Si è svolto ieri pomeriggio l’incontro del presidente Abi (Associazione bancaria italiana), Corrado Fissola, con le associazioni dei consumatori. Al centro dell’appuntamento l’esposizione del Piano di Azione che l’Abi si è dato per migliorare le relazioni con i clienti e con le associazioni che li rappresentano. Faissola ha innanzitutto annunciato che l’iniziativa di Patti Chiari, un consorzio volontario di aziende bancarie, viene assunto all’interno dell’Abi e diventa un marchio di prodotto all’insegna della trasparenza, della qualità e della confrontabilità dei prodotti bancari. A questo scopo è stata creata all’interno dell’Abi un’Area destinata specificatamente ai rapporti con i consumatori a capo della quale è stato posto il dott. Lorenzo Roccia già responsabile di del Consorzio Patti Chiari. Collaborerà con lui Donata Monti, responsabile dei rapporti con le associazioni dei consumatori.

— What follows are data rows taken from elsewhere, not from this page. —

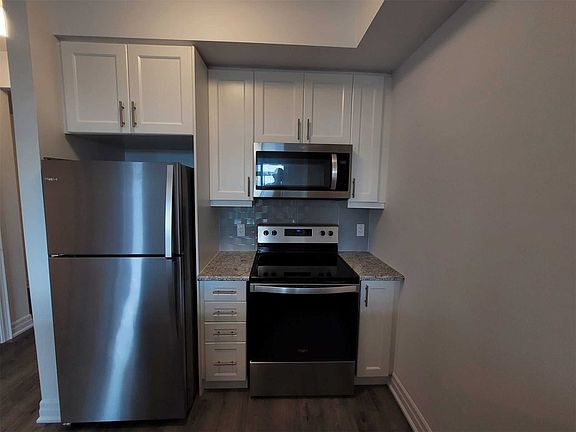 2nd image of 5055 Greenlane #501-X57466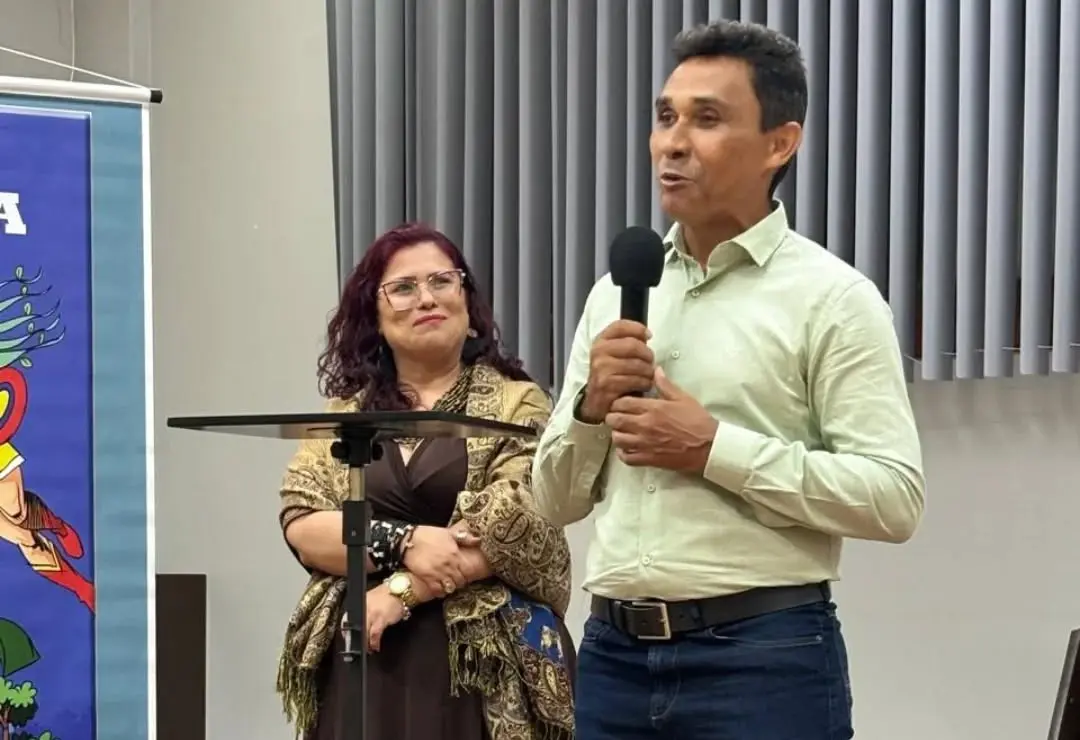 Escritor lança livro que resgata história do taekwondo no Acre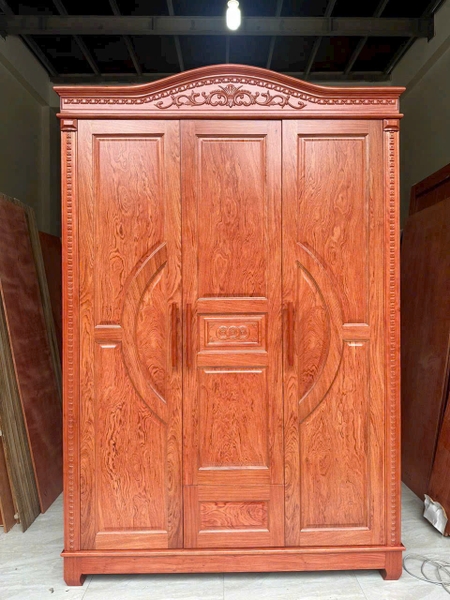 Tủ gỗ 3 cánh cong MS124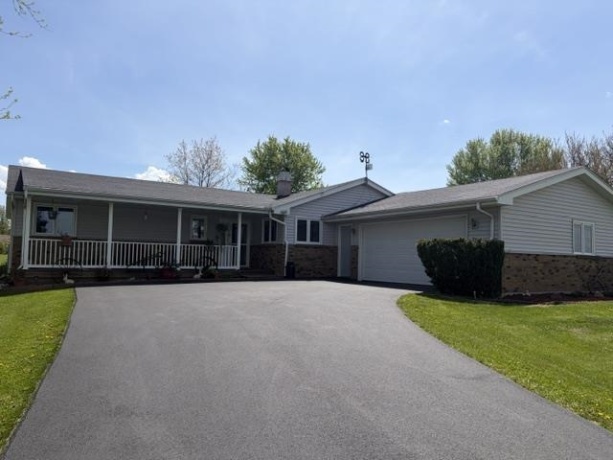 14966 Laube, DURAND, Illinois 61024, 3 Bedrooms Bedrooms, ,2 BathroomsBathrooms,House,For Sale,Laube,202602616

Il principio fondamentale a cui sarà improntata la nuova politica verso i consumatori è stata definita da Faissola con un’espressione ardita "autoregolamentazione concertata". Sollecitato dal presidente del Movimento Difesa del Cittadino (MDC), Antonio Longo che ha chiesto spiegazioni su questa espressione dai contenuti apparentemente contrastanti ("come le famose convergenze parallele" dell’on. Moro, ha affermato Longo), Faissola ha spiegato che intende riferirsi ad una politica di scelte e decisioni che l’associazione bancaria prenderà di concerto con le associazioni dei consumatori e gli altri stakeholders, ovviamente recepiti pareri e orientamenti delle autorità di settore.

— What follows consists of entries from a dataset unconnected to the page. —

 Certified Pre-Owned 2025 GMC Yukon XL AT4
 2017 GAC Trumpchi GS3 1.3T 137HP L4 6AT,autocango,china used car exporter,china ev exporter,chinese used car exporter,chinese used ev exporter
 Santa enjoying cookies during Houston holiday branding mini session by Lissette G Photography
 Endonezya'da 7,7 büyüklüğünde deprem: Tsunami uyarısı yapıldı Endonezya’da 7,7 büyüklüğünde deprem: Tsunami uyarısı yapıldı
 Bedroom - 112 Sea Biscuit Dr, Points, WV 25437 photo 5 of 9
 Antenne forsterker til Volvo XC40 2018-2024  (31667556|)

Le tematiche sulle quali questa nuova politica dell’Abi si misurerà sono:
– trasparenza e semplicità nei rapporti tra banca e clienti;
– modalità di rappresentazione dei prezzi in maniera uniforme e confrontabile;
– consulenza e informazione allo sportello sui prodotti finanziari;
– eliminazione delle barriere e dei vincoli alla mobilità;
– aspetti legati alla gestione informatica dei dati.

Generale apprezzamento per la svolta dell’Abi è stato espressodagli esponenti di varie associazioni dei consumatori: Elio Lannutti (Adusbef), Antonio Longo (MDC), Paolo Landi (Adiconsum), Ivano Giacomelli (CODICI), Francesco Avallone (Federconsumatori) e Giustino Trincia (Cittadinanzattiva) hanno rimandato, nei singoli interventi, alla prova dei fatti nei prossimi mesi del nuovo corso annunciato oggi dall’Abi. In particolare le Associazioni hanno richiamato l’attenzione di Faissola su emergenze gravi come quella del costo crescente dei mutui e sulla crescita delle insolvenze.